With corporate cash, B’luru filmmakers aim high

With corporate cash, B’luru filmmakers aim high

A new documentary on Karnataka’s wilderness by Bengaluru-based nature filmmakers and conservationists aspires to showcase the state’s rich biodiversity while showing India’s arrival on the world stage as a nation capable of creating globally acclaimed documentaries.

‘Wild Karnataka’, made by veteran filmmakers Amoghavarsha J S and Kalyan Varma who had previously cut their teeth making documentaries for the British Broadcasting Company (BBC) and National Geographic, plus forest officer Vijai Mohan Raj and conservationist Sarath Champati, employs Ultra-HD technology to showcase the high ambitions of its creative team. Amoghavarsha described the film as possibly the first in a new generation of blue chip, world-beating nature documentaries made by Indians about India.

Filmed over a five-year period at a cost of Rs 4 crore and with a crew of nearly 20 men and women shooting over 400 hours of footage, the end result is a 52-minute documentary made in cooperation with the Forest Department showing natural vistas across the state coupled with previously unseen footage of wildlife in their natural habitat. It was narrated by the British conservationist David Attenborough.

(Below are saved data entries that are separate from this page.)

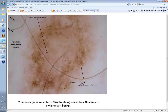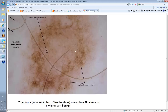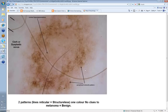What about this one? Here you've got two patterns — lines reticular, but they're very disrupted, not the same regular network as in a benign nevus. There's also a central structureless area. So you've got two patterns and one color, but there are no clues to melanoma. This is a benign lesion — in fact a Clark or dysplastic nevus — and this is quite a common pattern where you have a structureless central area and a peripheral network, albeit a disrupted one.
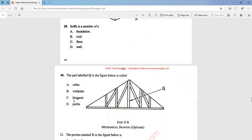So we come to the end of the solution to questions 1 to 40 for the year 2008 objective questions on technical drawing. Thank you for watching, keep on practicing, and may God bless you.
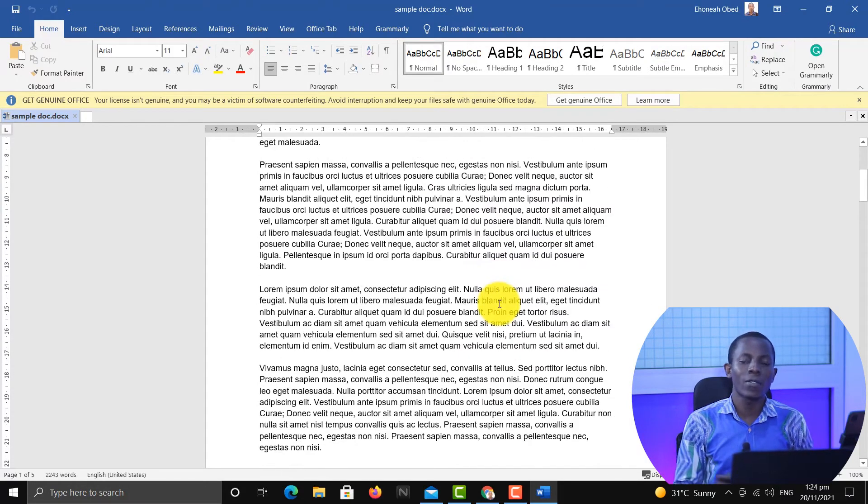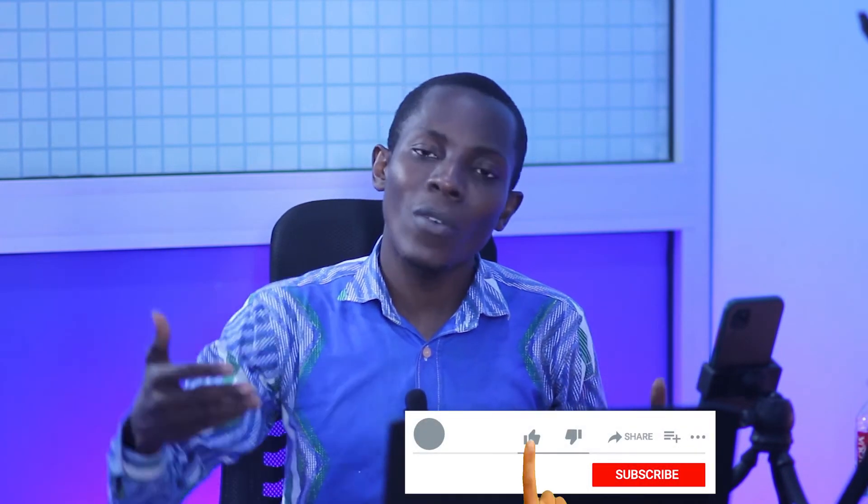I hope you've learned something new from this video. If you enjoyed the video, give it a thumbs up. If you want to subscribe to the channel, subscribe for more videos like this. If you have a question, you can put your questions in the comments and I will help you with them. Thank you for watching and I'll see you in the next video.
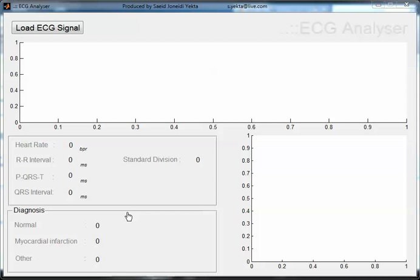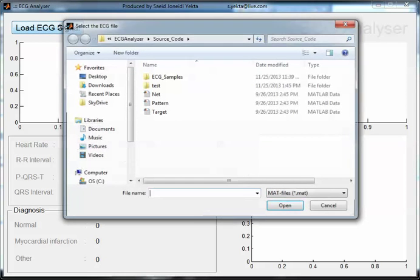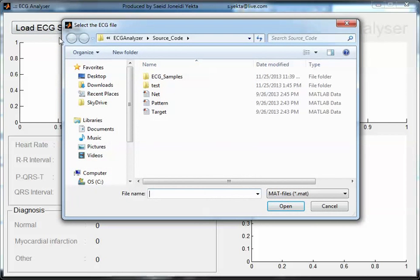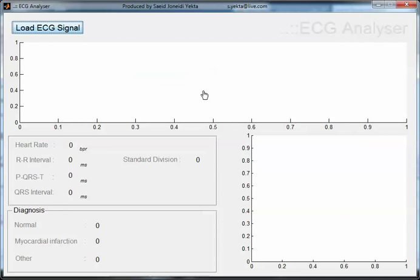Welcome everyone. In this video I want to show you an automatic ECG analyzer which is totally implemented by MATLAB. As you can see here, this user interface is very simple to work with. To use this system, just click on this button and load an ECG signal. After that, the system automatically starts to process and finally generates a report to the user.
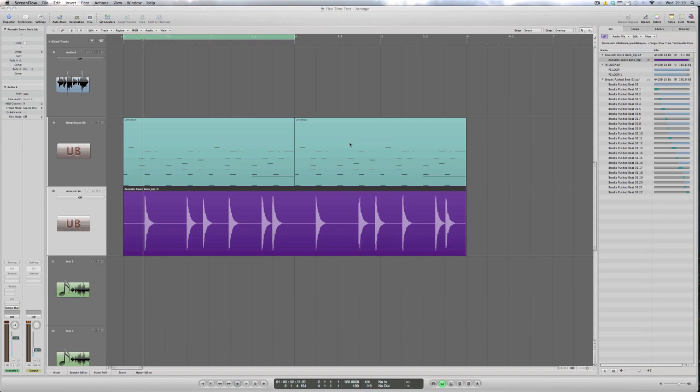Hi, it's Paul Decayne again for DV247.com. In today's Logic 9 tutorial we're going to be looking at flex time and more specifically how it can affect beats and tempo.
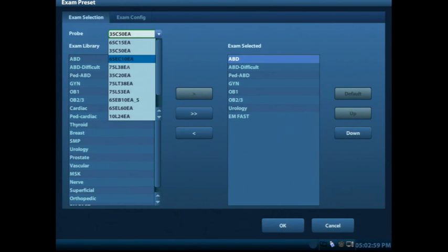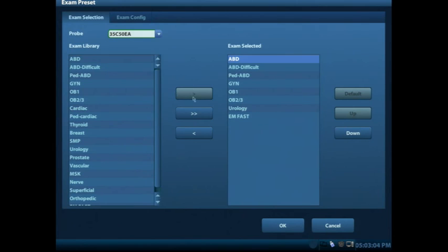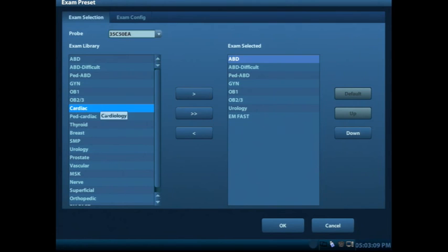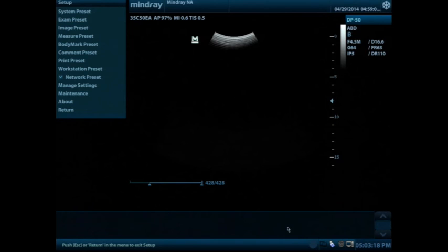You have the ability to look at the exam menu and pull things on and off based upon what you might be using the machine for by these arrows, the single arrow moving one of the selections over and the double arrows moving both of them back and forth. Again once changes are made, you want to go ahead and select the OK button here on the bottom to save those changes.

According to Prashanth Prakash, who co-produced the documentary with Britain-based Icon Films, ‘Wild Karnataka’ will expose Karnataka’s rich biodiversity to the world. “The state’s wildlife and natural landscapes have been traditionally underrepresented when compared to other parts of India. With this film, we have an opportunity to change that,” he said.

The state currently has the largest population of wild tigers in India, the largest number of elephants in the wild, and nearly 6,319.127 square kilometres of the protected area divided among five national parks and 21 wildlife sanctuaries.

“Conservation efforts are going right here,” Amoghavarsha said. “This is something to be celebrated. By watching this film, perhaps people will fall in love with what they see.”

Mining for funds

Even though the theme of the documentary is forest and wilderness, the Forest Department has not made any funding and much of the film’s financing has come from eco-tourism resorts and mining companies, leading to concerns that the documentary has a conflict of interest and could potentially trigger greater eco-tourism in the region affecting the local ecology.

Ashwini Kumar Bhat, a filmmaker who served in a supporting role in the project disputed this saying that exposing the natural beauty of any landscape actually serves to protect it. “It is easier for people to take something that nobody knows about,” he said.

Amoghavarsha categorised the investors from a mining background as an ethical company. “It is easy to say that there is a conflict of interest between mining activities and the film, but their activities are within a legal framework. Resource extraction is unavoidable. We all drive cars. Where does that metal come from? What is important is how resources are extracted, and Sandur has been doing it right. In fact, we rejected three or four other corporate sponsors because we did not like their ethics.”

Amoghavarsha J S, co-director said, “India is known for its Bollywood films and Bengaluru is known for its Information Technology industry and for animation companies which have their headquarters here. With this film, it can also become a hub for documentaries.”

Sanjai Mohan, PCCF (Wildlife), said,”Our Forest Department has some of the best staff. At Bandipur, we lost just 3,000 hectares of forest cover. The media hyped up the issue.”